Ingemar Persson, SVT’s head of documentaries, was the first to react to the team’s pitch. “For me, it’s going to be much a matter of how you tell the story,” he said, while IKON commissioning editor Margje de Koning added that she was interested to see how the relationship between the two women would progress.
The latter point was also echoed by Patricia Finneran, producer for creative partnerships at the Sundance Institute’s Documentary Film Program.
Meanwhile, Knowledge’s director of independent production and presentation Murray Battle drew laughs when he told the team, “I’m interested in sex, and so are the people of British Columbia,” before adding that he’d like to see more footage.
Simon Kilmurry, executive director of ‘POV,’ said elsewhere that he was curious to see what this film would add to other films coming out of Uganda at the moment, “such as Call Me Kuchu and God Loves Uganda.”
In the Wake of Stalin
Director: Thomas Johnson
Production budget: €431,000 (ARTE G.E.I.E., YLE, RTS Switzerland). Still needed: €200,000.
IDFA logline: “Stalin still overshadows Russia. Between manipulation of collective memory by the power and search for truth conducted by NGO Memorial, this investigation enlightens on the battle for memory and democracy.”
The third pitch of the day offered what filmmakers described as a reflection on the “schizophrenia” of modern day Russia, through the lens of the country’s love-hate relationship with Stalin, one of its most enduring and controversial political figures.
CBC’s Olsen was among the first to offer her take on the pitch, telling the team that a quote in the trailer from current leader Vladimir Putin caught her eye, along with contemporary footage of Russian group Pussy Riot.
“If it’s about the Russia of today then I’m really interested,” she said of the doc. “If it’s about the history of Russia then I’m less interested.”
Tomoko Okutsu, NHK’s producer for international coproduction and acquisition, was also encouraging, saying: “We are interested in contemporary Russian society. How Russia is trying to treat the past is also interesting.”
However, she added that it would be a difficult doc to do as a coproduction, suggesting she would likely consider the finished film.
More lukewarm on the project was YLE’s Jenny Westergård, who told the team: “I can’t see right now [what] your extraordinary access [is].” SVT’s Persson added that he felt confused by the trailer. “I’m not interested in an essay about the Soviet Union,” he said.
Director: Raffaele Brunetti
Production budget: €274,000 (ZDF/Arte, MEDIA). Still needed: €184,000.
IDFA logline: “The war on garbage and the Mafia as conducted by a Utopian ‘madman,’ the new mayor of Naples.”
The fourth project of the Forum’s first day focused on Luigi De Maistris, the recently elected mayor of Naples. De Maistris triumphed at the last election as an independent candidate with no political powerbase, after running a campaign focused largely on dealing with the town’s spiraling garbage problem and its mafia issues.

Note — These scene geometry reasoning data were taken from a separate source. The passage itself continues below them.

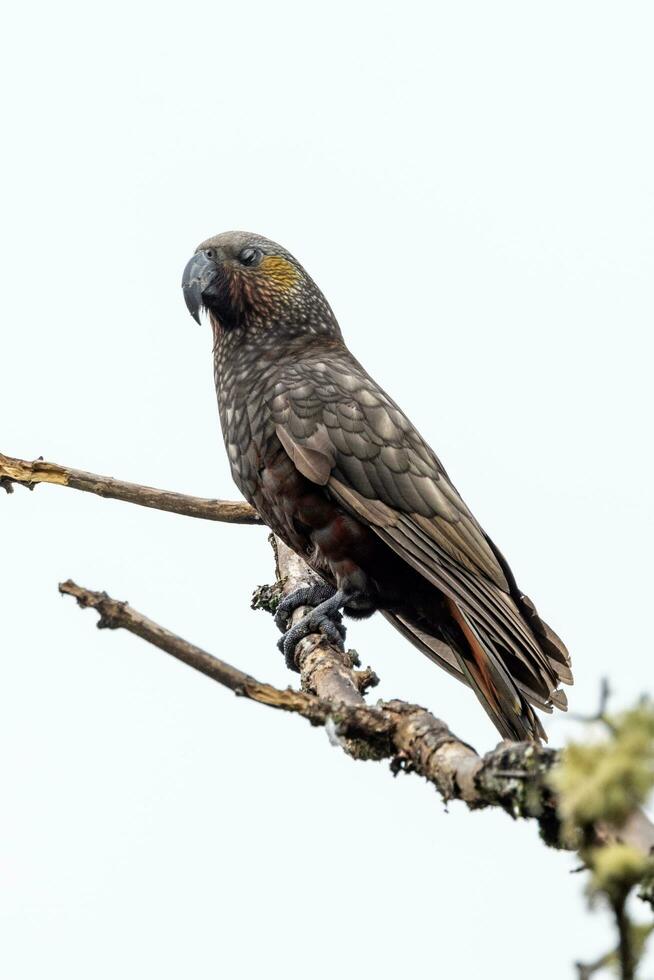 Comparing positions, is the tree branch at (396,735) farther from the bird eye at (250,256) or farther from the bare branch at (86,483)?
the bird eye at (250,256)

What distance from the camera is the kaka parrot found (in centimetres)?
500

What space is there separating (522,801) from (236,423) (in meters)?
3.44

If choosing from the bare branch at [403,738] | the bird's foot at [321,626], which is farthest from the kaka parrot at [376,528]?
the bare branch at [403,738]

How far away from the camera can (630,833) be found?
188cm

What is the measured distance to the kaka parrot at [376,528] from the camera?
4996 millimetres

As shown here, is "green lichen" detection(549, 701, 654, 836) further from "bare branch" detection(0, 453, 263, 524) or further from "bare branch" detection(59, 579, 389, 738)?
"bare branch" detection(0, 453, 263, 524)

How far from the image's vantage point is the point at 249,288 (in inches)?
250

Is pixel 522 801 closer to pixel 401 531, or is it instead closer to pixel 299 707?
pixel 299 707

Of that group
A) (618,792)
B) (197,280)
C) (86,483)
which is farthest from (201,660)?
(197,280)

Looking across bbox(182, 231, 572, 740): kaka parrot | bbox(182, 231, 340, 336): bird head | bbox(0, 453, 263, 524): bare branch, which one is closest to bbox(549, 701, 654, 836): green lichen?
bbox(182, 231, 572, 740): kaka parrot

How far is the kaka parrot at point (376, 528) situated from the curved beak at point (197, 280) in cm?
45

“We think [the story] is very symbolic and important, because if Naples can do it, anyone can do it,” said director Brunetti.
TVO’s Jankovic said she saw parallels in the film that would work for an Ontario audience. “We have a huge garbage problem in Toronto,” she said, “and mafia as well.” She wondered, however, who the characters would be to lead the viewer through the story, beyond the Italian mayor.
The director explained that in addition to the mayor, there was also a professor and several townsfolk who would act as supporting characters.
Another Canadian impressed by the pitch was CBC’s Olsen. “I didn’t think I’d be interested in this story, but I really like the tone of this,” she said, before asking the team whether they planned on “maintaining this humorous tone, because these stories are often very earnest.”
NHK’s Okutsu was also encouraging, telling the filmmakers that “Italy is a place that many Japanese people love, and garbage is a big issue for us as well.” She added that she was keen to know more about the mayor and his story. Knowledge’s Battle, meanwhile, had praise for the director. “I would suggest that you’re the right man to do this,” he said.
Less convinced by the pitch, however, was Gaspard Lamunière, commissioning editor for documentaries at Swiss broadcaster RTS. “I have so many questions about this project which I find very challenging, to be honest,” he said.
One obvious question around the project was whether the sole Italian broadcaster represented at the table (RAI) would be interested in the film. However, RAI commissioning editor Lorenzo Hendel said that he tended not to go in for projects that took a cross-media approach (the project has a significant website component that will aim to educate the public about waste reduction).
In addition, Hendel felt the film was not a tonal fit for his network. “To be frank, it’s far from our stylistic approach,” he said. “We try to define our projects not by the topics but by the narration.”
Director: Nina Maria Paschalidou
Production budget: €227,500 (Al Jazeera English, ARTE G.E.I.E.). Still needed: €76,000.
IDFA logline: “Turkish soap operas have conquered the hearts of millions across the world. With unprecedented access to the industry’s most glamorous talent, Kismet unravels the secrets of this phenomenal success.”
One of the most interesting pitches of the Forum’s first day delved into the world of Turkish soap operas, which are proving phenomenally successful with broadcasters worldwide. Kismet promises to look not just at the success of the films, but at how they are encouraging Muslim women to challenge the constraints of traditional gender roles.
The pitch featured a glossy and impressive trailer, and the filmmakers explained that ‘Kismet’ means fate.
SVT commissioning editor Emelie Persson was first to weigh in on the pitch, informing attendees that the Swedish broadcaster recently acquired its first Turkish soap opera, which is slated to air in January. “I have no idea how a Swedish audience will react,” she said, without hinting at whether she was interested in the project.
More encouraging was YLE’s Westergård and CBC’s Olsen, who had seen the project at DOK Leipzig in Germany a few weeks prior.
Based on the new trailer, “the questions we were asking in Leipzig have been answered,” said Westergård, while Olsen added: “I think it addressed a lot of the things we were discussing a few weeks ago, but I’m still keen to know about the opposition [to the soaps] in different countries.”
RTS’s Lamunière opined that while it was a challenging project, “there are some charming aspects of it.”
Director: Keren Shayo
Production budget: €252,000 (Yes Docu, Radio Canada). Still needed: €138,000.
IDFA logline: “Timnit, 20, escaped Eritrea in 2011 and disappeared on her way to Israel. We follow the search for her and reveal the secret torture camps ran by Bedouins in Sinai.”
One of the darkest, heaviest and most moving trailers of the 2012 Forum came from Journey Story, which looks at the plight of refugees from the state of Eritrea attempting to make their way to Israel. In addition to funding, the filmmakers said they were also looking for additional collaborators, since they, as Israelis, could not shoot in Sinai.
Among the vocal supporters of the project was the Sundance Institute’s Finneran. “This kind of project – risk-taking, challenging – is what we do at Sundance,” she said. “The woman who has the radio show [featured in the trailer] is incredibly compelling and strong.” Britdoc foundation director Sandra Whipham added simply that “the trailer was devastating.”
ZDF/ARTE commissioning editor Sabine Bubeck-Paaz also weighed in on the pitch, telling the team it could be “really interesting for our geopolitical slot,” while SVT’s Persson said he needed more clarity on the narrative arc.
‘POV”s Kilmurry was also interested in the film. “For me the key is this story of the camps,” he said.